DC: Well. the same is true of creature actors. Who did you have playing your Bigfoot, and how did you cast him?
ES: I’ve got two or three movies that had people in suits, or people in complete body makeup. And they’re definitely a different breed of human being.We had kind of a superstar of suit guys, his name is Brain Steele, and he’s about my height, he’s 6’7”, but he’s in really good shape. He’s played Bigfoot before; he was the Bigfoot in the ‘Harry and the Hendersons’ TV show. And he’s been dying to do a scary, serious Bigfoot. He was dying to play like a serious kind of creature. And he would send me videos of him running like Bigfoot… he was practicing how to walk and how to run, just different kinds of mannerisms and all that stuff. Then when I saw him for the first time in the suit, in the parking lot of the company that built the suit, which is Spectral Motion in L.A., we were all just amazed by it. Not only by the suit, but also just by Brian’s ability to kind of become a creature. And there’s some shots with him that I got of him just foraging off the ground, like picking up little things and pretending to eat them. And not only did the hands look really good, but just him putting things in his mouth. It was just amazing… I always wanted the creature to be in a suit. I didn’t want it to be CG; I wanted it to be there for the actors.

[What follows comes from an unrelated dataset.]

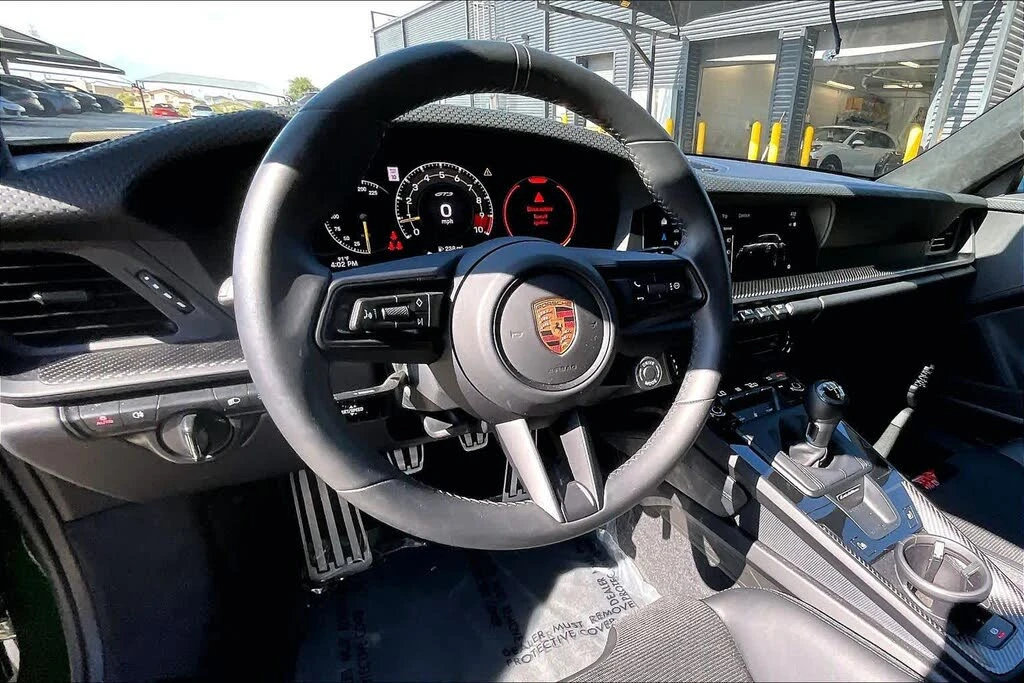 2026 Porsche 992 GT3 Touring - Image 14 of 26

Exists will be arriving on various VOD platforms and in limited theaters on October 24th.
In Bigfoot’s bold return to the big screen, five friends on a camping weekend in the remote woods of East Texas struggle to survive against a legendary predator that is stronger, smarter, and more terrifying than anything they would have ever believed exists.

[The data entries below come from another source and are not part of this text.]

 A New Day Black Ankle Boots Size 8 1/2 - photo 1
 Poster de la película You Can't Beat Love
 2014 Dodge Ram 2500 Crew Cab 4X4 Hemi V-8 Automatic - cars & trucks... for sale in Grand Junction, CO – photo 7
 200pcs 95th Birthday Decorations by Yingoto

The film stars Chris Osborn, Dora Madison Burge, Roger Edwards, Samuel Davis, Denise Williamson, and Brian Steele and is produced by Jane Fleming, Mark Ordesky, Robin Cowie, and J. Andrew Jenkins. Exists, written by Jamie Nash, is executive produced by George Waud, D. Todd Shepherd, Gregg Hale, and Reed Frerichs, and the Sasquatch creature was designed by Spectral Motion.
For five friends, it was a chance for a summer getaway— a weekend of camping in the Texas Big Thicket. But visions of a carefree vacation are shattered with an accident on a dark and desolate country road. In the wake of the accident, a bloodcurdling force of nature is unleashed—something not exactly human, but not completely animal— an urban legend come to terrifying life…and seeking murderous revenge.